### Extracted data
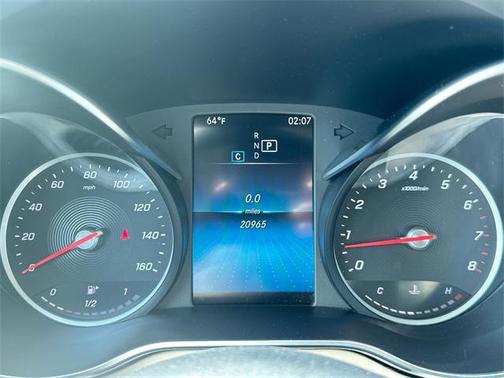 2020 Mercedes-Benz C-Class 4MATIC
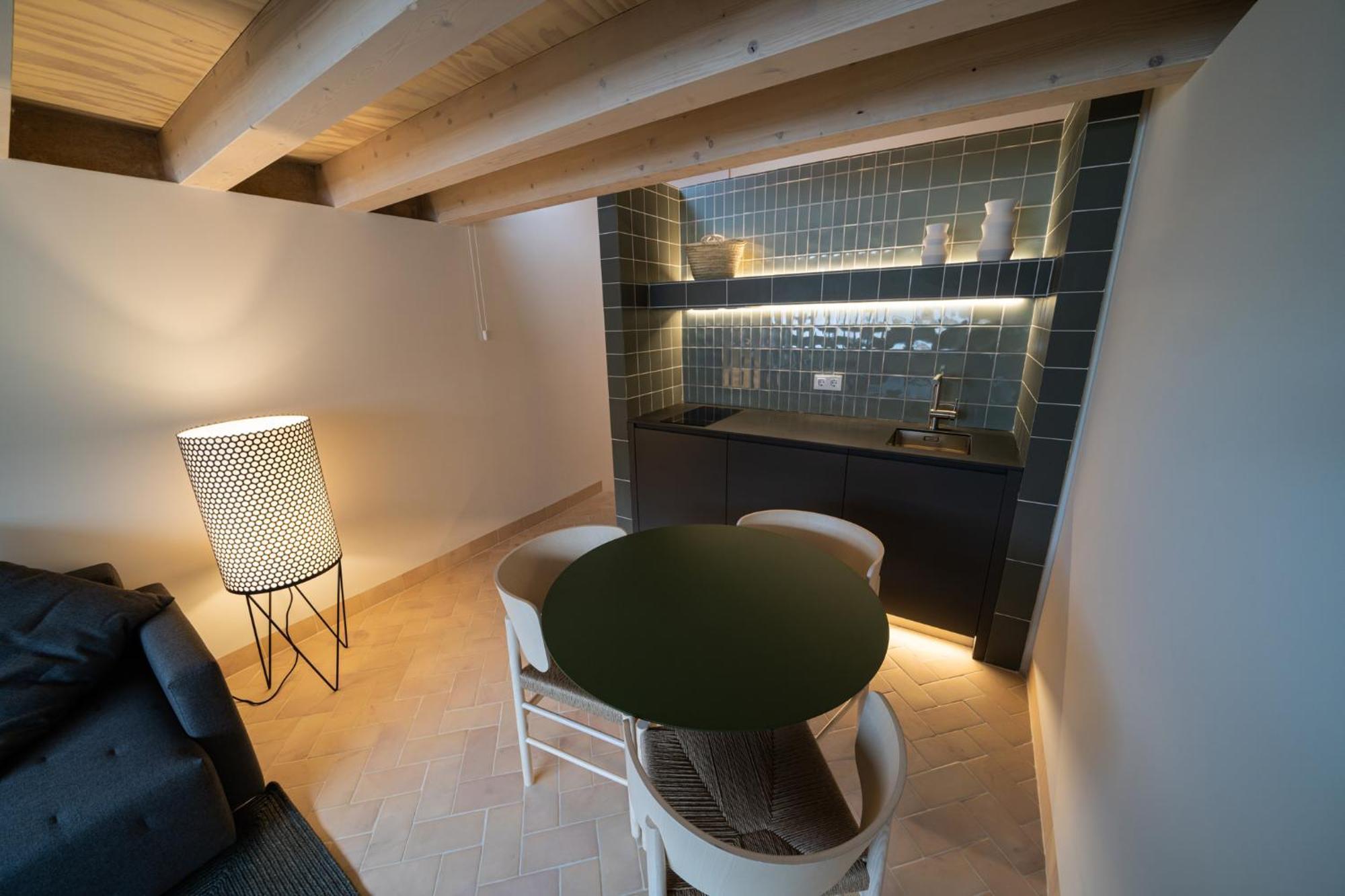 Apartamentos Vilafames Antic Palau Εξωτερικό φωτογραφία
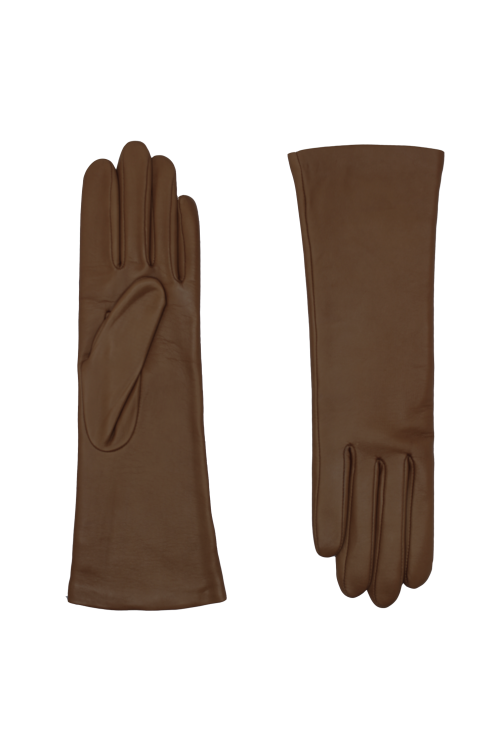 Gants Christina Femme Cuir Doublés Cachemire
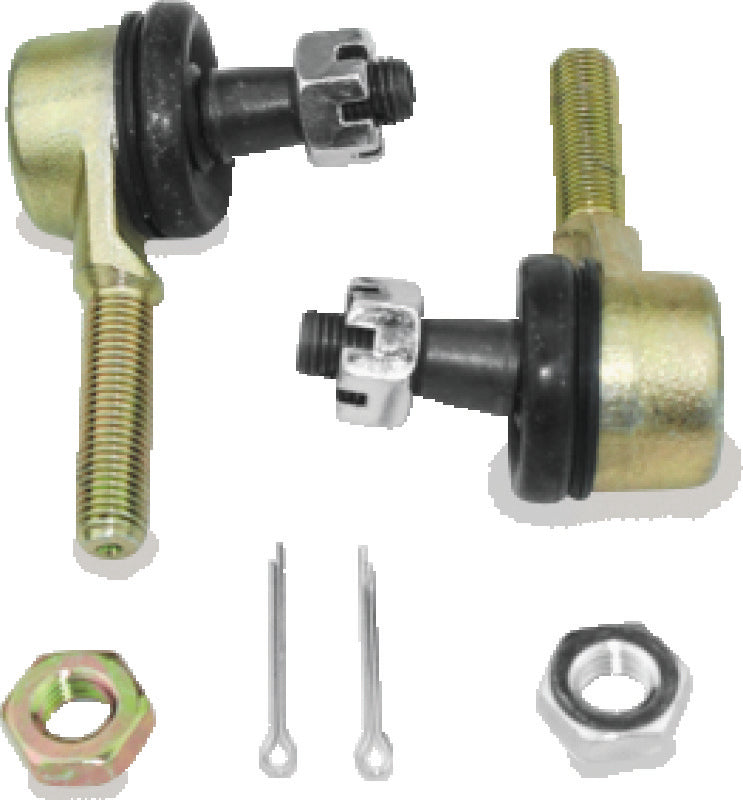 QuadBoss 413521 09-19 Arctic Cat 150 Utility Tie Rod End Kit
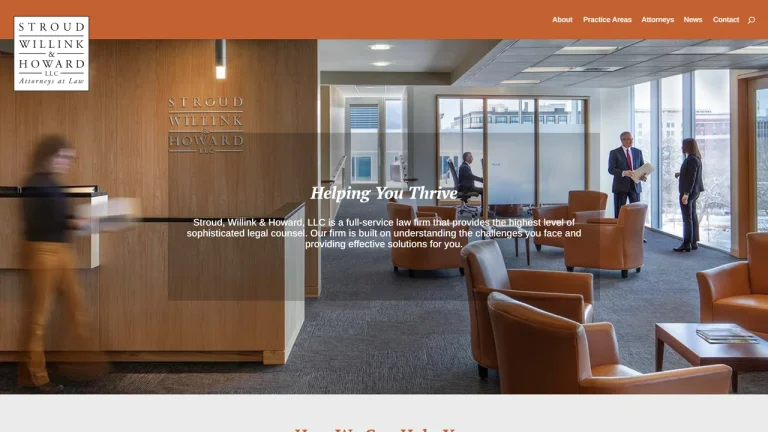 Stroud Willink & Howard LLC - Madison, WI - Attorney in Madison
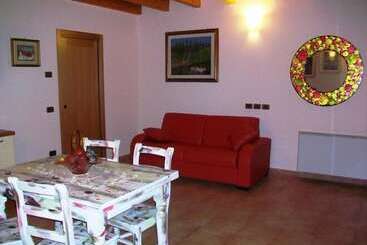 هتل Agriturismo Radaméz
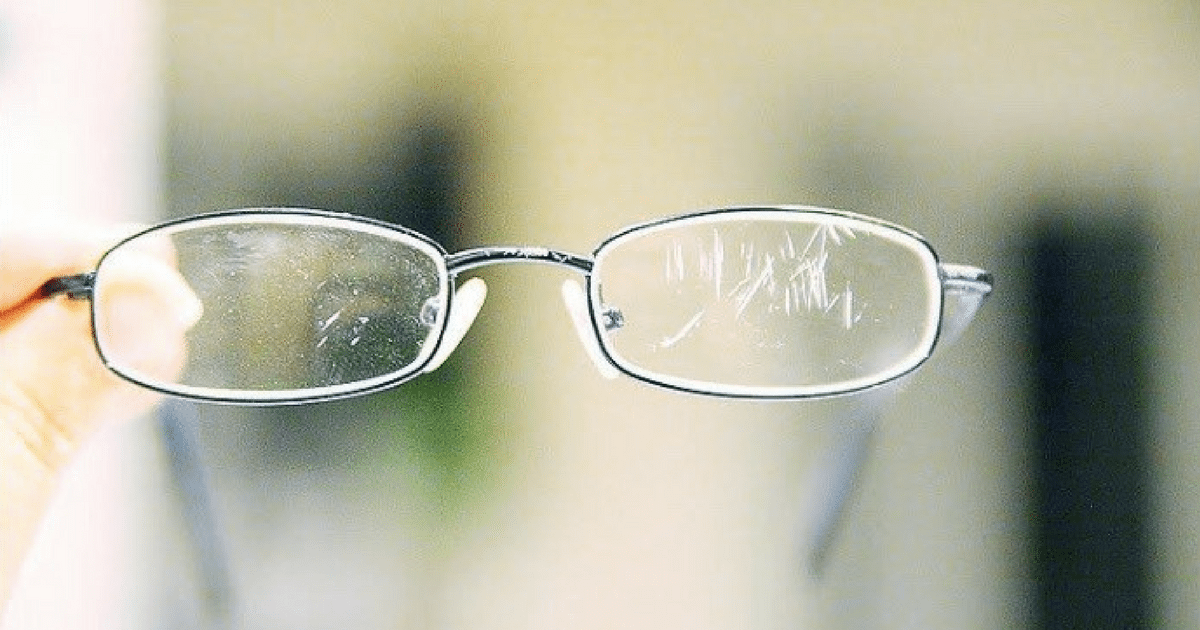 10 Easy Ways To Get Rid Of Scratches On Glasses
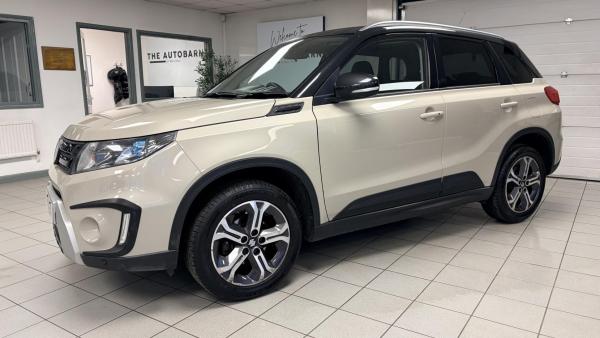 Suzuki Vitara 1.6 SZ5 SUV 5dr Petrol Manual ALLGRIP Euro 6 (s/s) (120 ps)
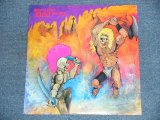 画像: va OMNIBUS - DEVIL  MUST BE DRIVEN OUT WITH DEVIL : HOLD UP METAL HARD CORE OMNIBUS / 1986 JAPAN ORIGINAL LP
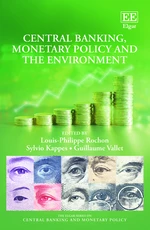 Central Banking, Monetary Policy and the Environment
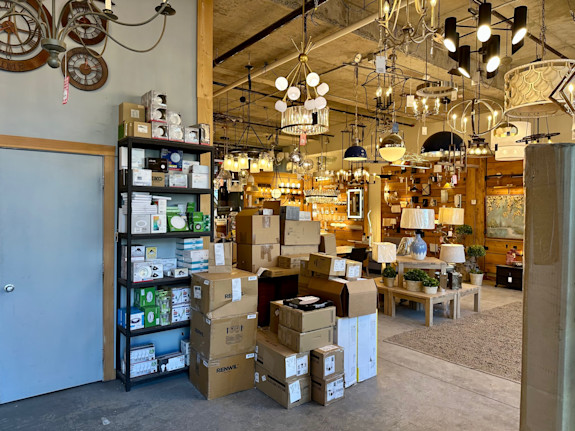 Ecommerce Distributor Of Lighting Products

### Exercise
Could you copy exactly, and with no pictures, the lines above from the one containing "画像: va OMNIBUS" through the last line, both included?

### Written answer
 画像: va OMNIBUS - DEVIL  MUST BE DRIVEN OUT WITH DEVIL : HOLD UP METAL HARD CORE OMNIBUS / 1986 JAPAN ORIGINAL LP
 Central Banking, Monetary Policy and the Environment
 Ecommerce Distributor Of Lighting Products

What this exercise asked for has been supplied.